Kati Lehtonen

Personal information
- Nationality: Finland
- Born: 6 April 1975 (age 51) Sulkava, Finland

Sport
- Sport: Skiing
- Club: Sulkavan Urheilijat -41

World Cup career
- Seasons: 4 – (1995–1998)
- Indiv. starts: 34
- Indiv. podiums: 0
- Team starts: 14
- Team podiums: 3
- Team wins: 0
- Overall titles: 0 – (24th in 1996)
- Discipline titles: 0

Medal record
Representing Finland
Women's cross-country skiing
World Championships
| Bronze medal – third place | 1997 Trondheim | 4 × 5 km relay |
Junior World Championships
| Bronze medal – third place | 1995 Gällivare | 4 × 5 km relay |

= Kati Lehtonen =

Finnish cross-country skier

Kati Lehtonen (née Pulkkinen, born 6 April 1975) is a Finnish former cross-country skier who competed from 1995 to 2002. She won a bronze medal at the 4 × 5 km relay in the 1997 FIS Nordic World Ski Championships and had her best finish of 16th in two events (5 km + 10 km combined pursuit, 30 km) at those same championships.

Lehtonen's best individual finish at the Winter Olympics was 51st in the 5 km + 10 km combined pursuit at Nagano in 1998. Her only individual victory was in a 5 km event in Finland in 1997.
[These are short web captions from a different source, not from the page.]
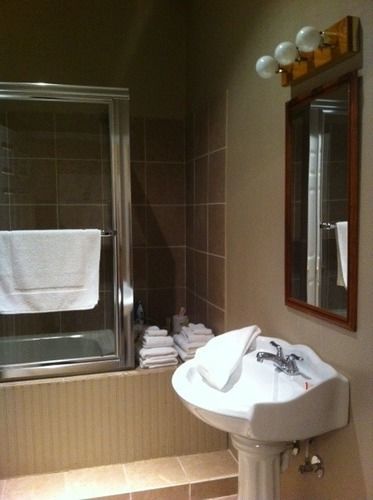 The Hotel Belvidere Hawley Bagian luar foto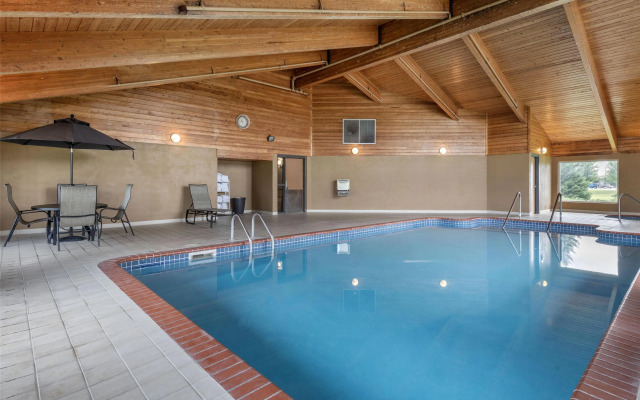 SureStay Plus Hotel by Best Western Litchfield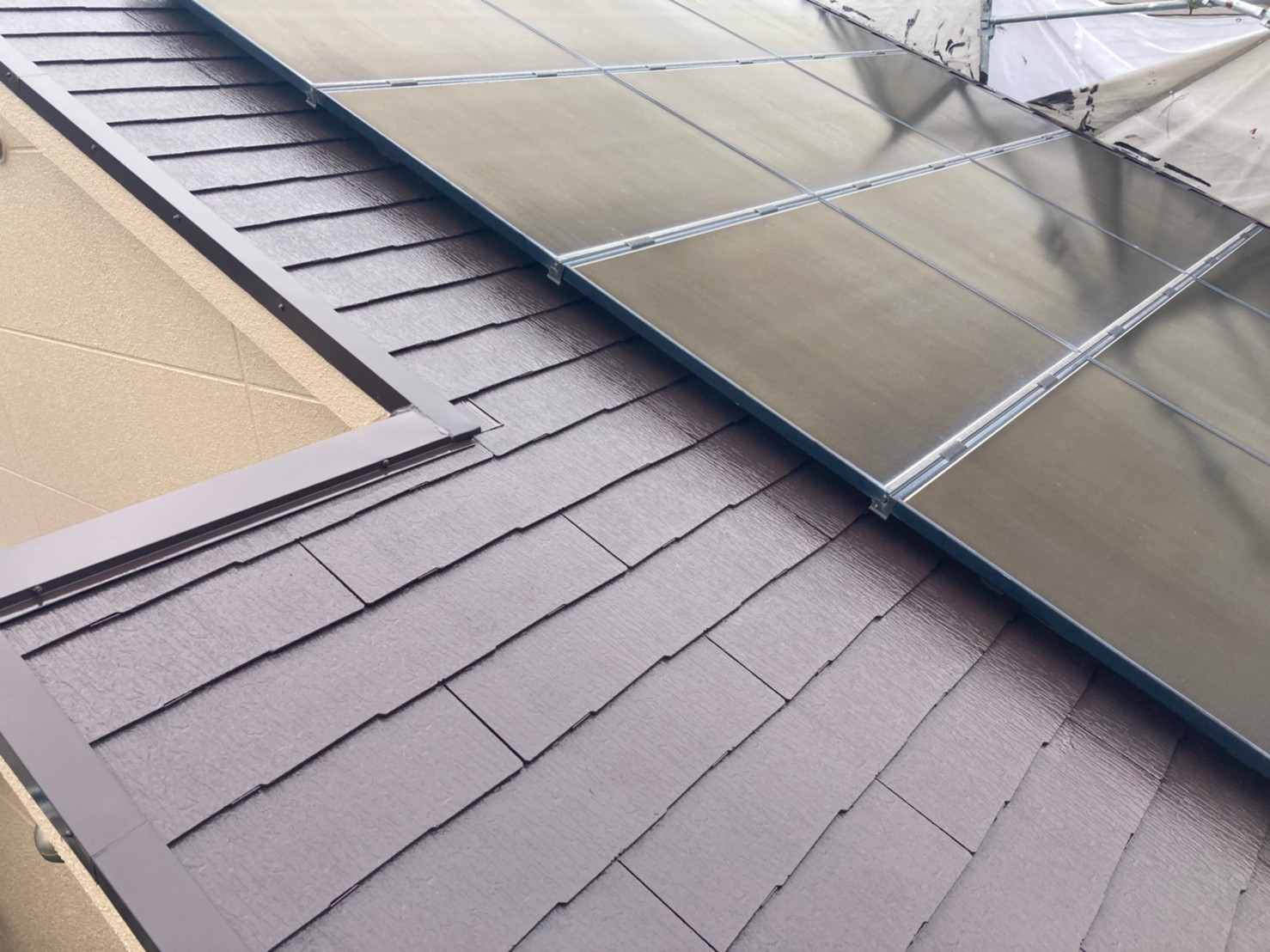 最後にタッチアップを行い完了です。
今回は屋根の上に太陽光が乗っていた為、屋根が見えている部分のみ塗装を行いました。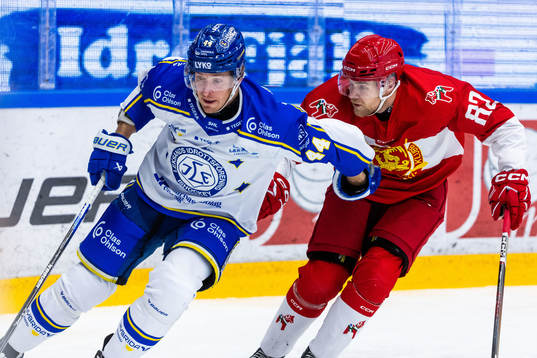 Leksands Carter Ashton och Moras Roope Laavainen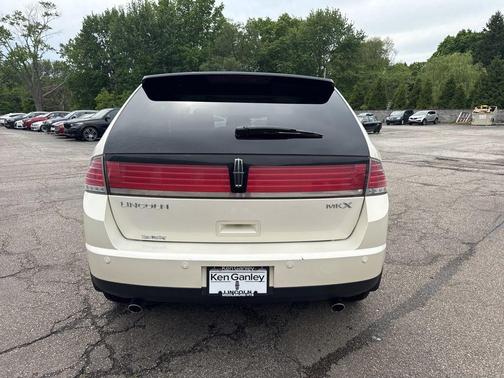White 2007 Lincoln MKX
==Cross-country skiing results==
All results are sourced from the International Ski Federation (FIS).

===Olympic Games===

| Year | Age | 5 km | 15 km | Pursuit | 30 km | 4 × 5 km relay |
|---|---|---|---|---|---|---|
| 1998 | 22 | 57 | — | 51 | — | — |

===World Championships===
- 1 medal – (1 bronze)

| Year | Age | 5 km | 15 km | Pursuit | 30 km | 4 × 5 km relay |
|---|---|---|---|---|---|---|
| 1997 | 21 | 25 | 19 | 16 | 16 | Bronze |

===World Cup===
====Season standings====

| Season | Age | Overall | Long Distance | Sprint |
|---|---|---|---|---|
| 1995 | 19 | 58 | —N/a | —N/a |
| 1996 | 20 | 24 | —N/a | —N/a |
| 1997 | 21 | 37 | 36 | 56 |
| 1998 | 22 | 54 | NC | 47 |

====Team podiums====

- 3 podiums

| No. | Season | Date | Location | Race | Level | Place | Teammates |
| 1 | 1995–96 | 17 March 1996 | NOR Oslo, Norway | 4 × 5 km Relay C/F | World Cup | 2nd | Sirviö / Pyykkönen / Kittilä |
| 2 | 1996–97 | 28 February 1997 | NOR Trondheim, Norway | 4 × 5 km Relay C/F | World Championships^{[1]} | 3rd | Sirviö / Pyykkönen / Salonen |
| 3 | 9 March 1997 | SWE Falun, Sweden | 4 × 5 km Relay C/F | World Cup | 3rd | Pyykkönen / Sirviö / Salonen |

Note: Until the 1999 World Championships, World Championship races were included in the World Cup scoring system.